## ACTION ITEM
When you repeat the entries below, keep each word exactly as it is and drop the pictures.

## MATERIALS PROVIDED
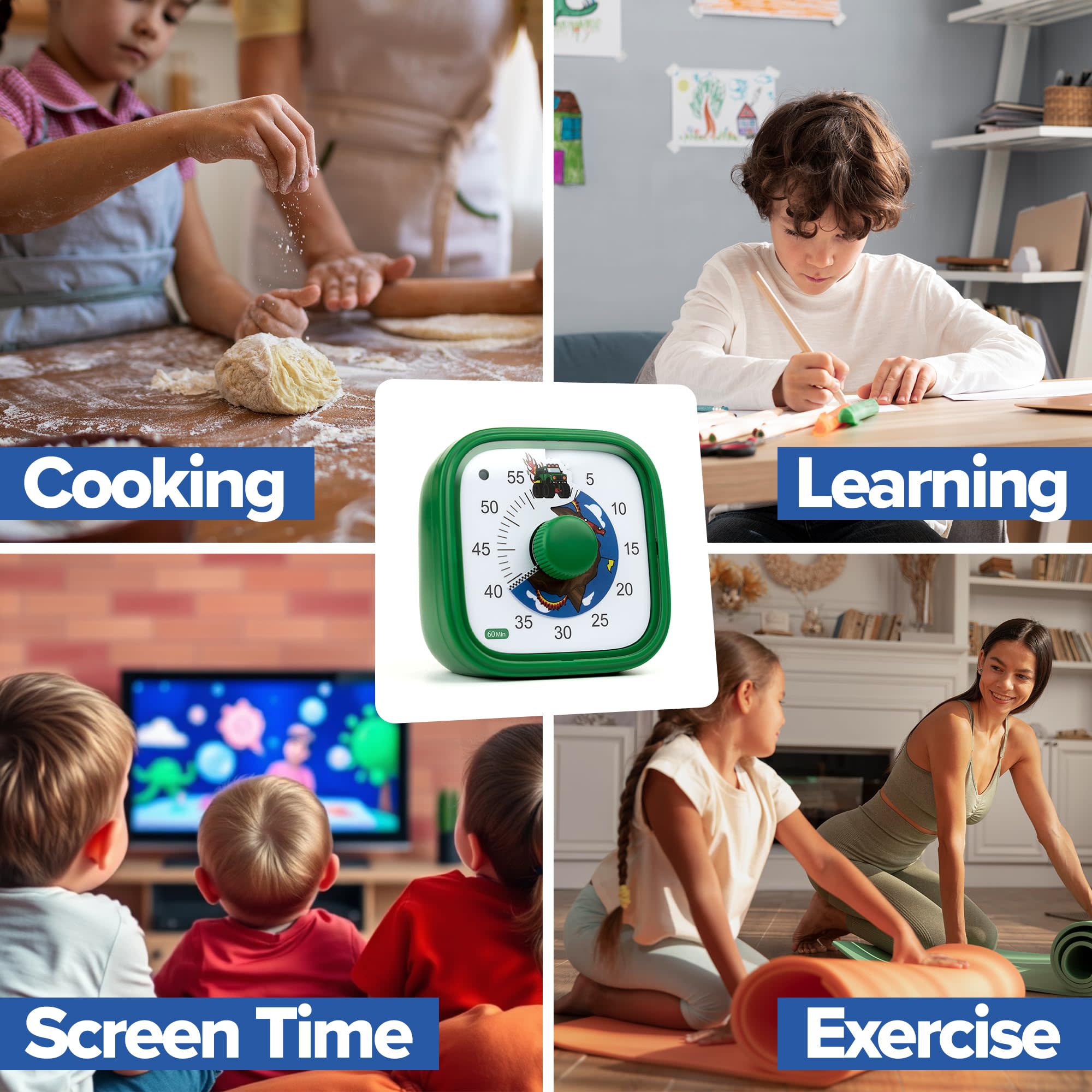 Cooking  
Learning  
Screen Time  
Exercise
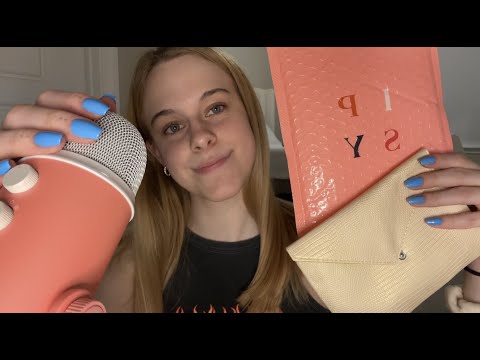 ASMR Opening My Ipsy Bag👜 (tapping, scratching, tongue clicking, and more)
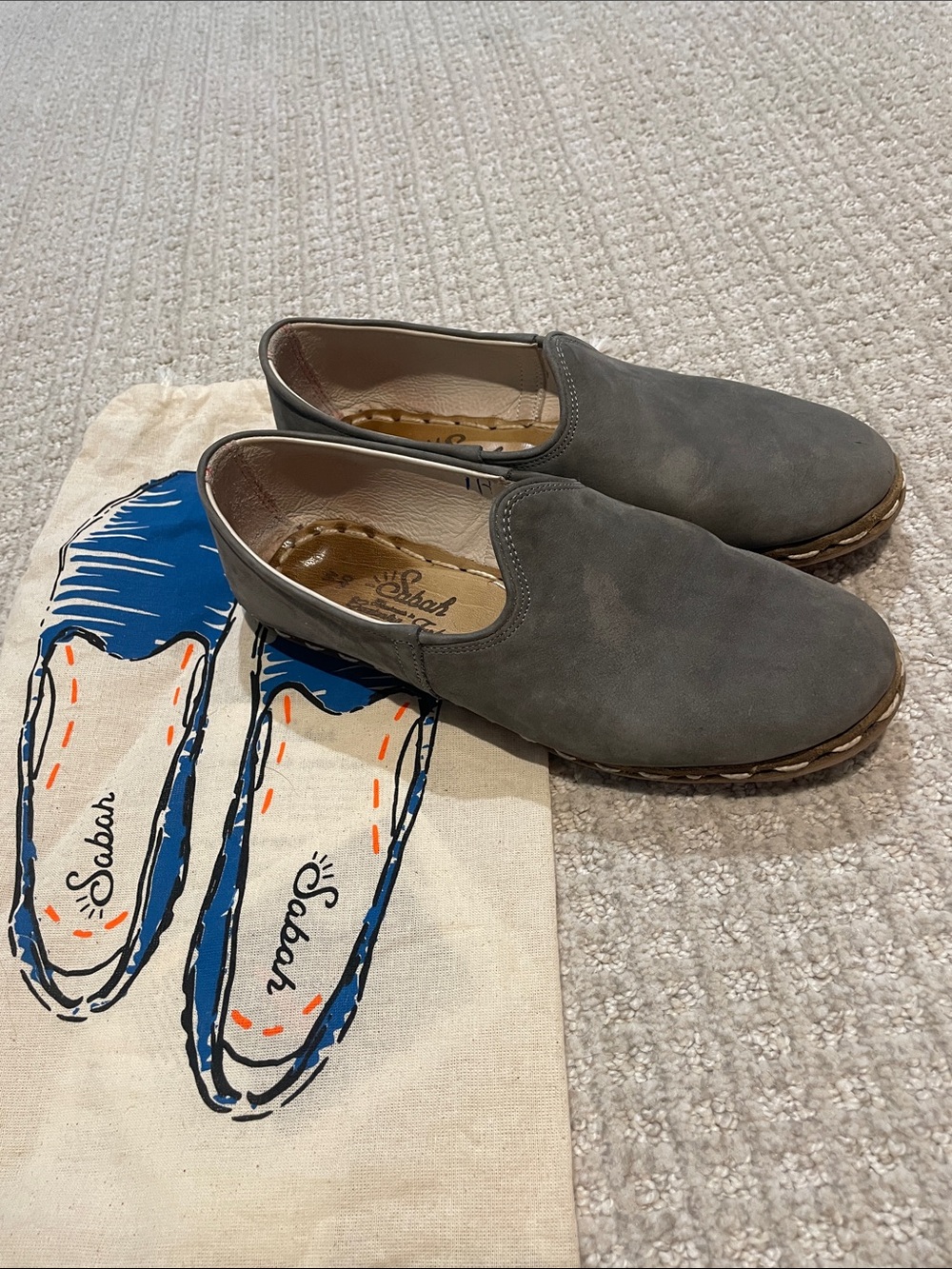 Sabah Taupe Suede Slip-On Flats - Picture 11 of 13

## RESPONSE FOR THIS EXERCISE
 Cooking  
Learning  
Screen Time  
Exercise
 ASMR Opening My Ipsy Bag👜 (tapping, scratching, tongue clicking, and more)
 Sabah Taupe Suede Slip-On Flats - Picture 11 of 13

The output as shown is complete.